Keep in mind that that is only a fundamental instance that I attempted to indicate, and it’s best to modify the code per your particular necessities.
Conclusion
Azure Energetic Listing (Azure AD) is a cloud-based identification and entry administration service that gives authentication and authorization companies to cloud-based functions and companies, together with Microsoft 365, Azure companies, and third-party SaaS functions.
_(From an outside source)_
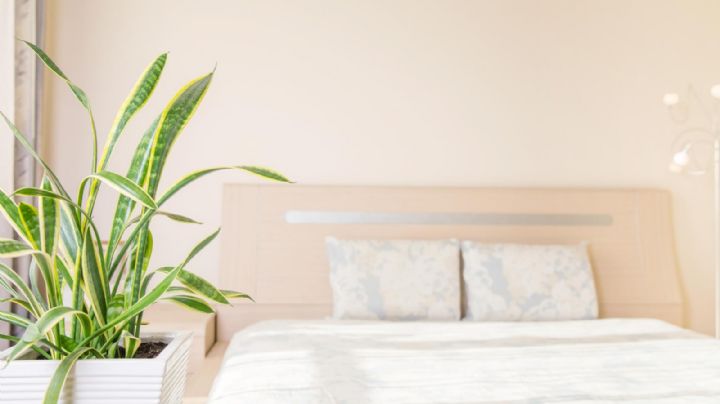 Plantas para tener en tu dormitorio; purifican el aire que respiras y mejoran la calidad de sueño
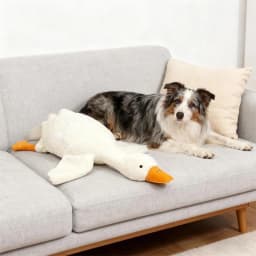 Big Duck Plushies Doll, Large Plush White Duck Dog Toy, Realistic Goose Design Dolls Suitable for Dogs Chew and Play Best Pet(19.7inch) - Thumbnail 6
It’s a trendy, cloud-based model of the standard on-premises Energetic Listing (AD) utilized in many organizations. Azure AD B2C and Azure AD B2B are two companies inside Azure AD that enable companies to handle identification and entry for his or her clients and exterior companions, respectively. Multi-tenant Azure AD is a kind of Azure AD that can allow organizations to handle a number of tenants or clients inside a single listing. Azure AD offers a variety of options and capabilities for managing person identities and entry to functions, together with identification administration, utility entry administration, conditional entry, identification safety, reporting and monitoring, and Azure AD Join. The Azure AD Graph API is a RESTful API that permits builders to entry and handle Azure Energetic Listing assets.